Kabul: Hundreds of French troops have been deployed to train and mentor Afghan security forces in a key southern province racked by the Taliban-led insurgency, Nato said yesterday.
The troops travelled in 94 vehicles from Kandahar to Uruzgan province on Wednesday in what was one of the largest ground military convoys in southern Afghanistan in years, the military alliance said in a statement.
Nato did not provide the exact number of troops deployed, and officials would not specify whether they were being relocated from other areas in Afghanistan or were new to the country.
But France has somewhere around 1,500 troops in Afghanistan, and French President Nicolas Sarkozy has pledged to send 700 more soldiers by the end of the year to help Nato-led forces.
The Taliban, who are resurgent in Afghanistan nearly seven years after being ousted from power, have frequently clashed with foreign and Afghan troops in Uruzgan.
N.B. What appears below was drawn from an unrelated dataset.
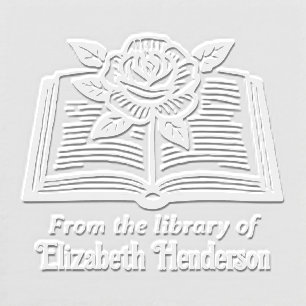 Open Book with Rose #2PS with Library Book Name Embosser
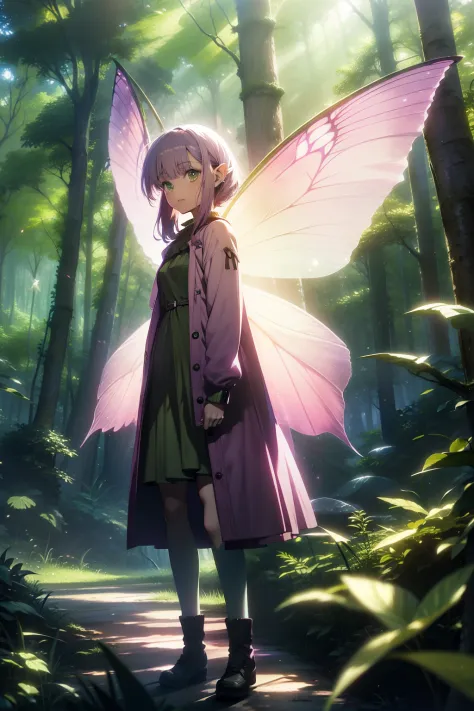 young girl, purple hair, green eyes, fairy, pink fairy wings, green plant clothes, in a forest, fantastic trees, fireflies in th...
Underscoring the region's volatility, police clashed with Taliban insurgents in Zhari district of Kandahar province on Wednesday, killing eight militants and wounding seven others, the Interior Ministry said in a statement.
Frequent requests
Nato commanders and leaders have repeatedly requested more trainers for the fledgling Afghan National Army and police, which are at the centre of their counterinsurgency strategy. The deployed French unit will train and support Afghan army infantry battalions, the alliance said.
Troops that conduct training of the Afghan forces form the core of an alliance strategy that envisages embedding small teams of foreign soldiers with Afghan troops.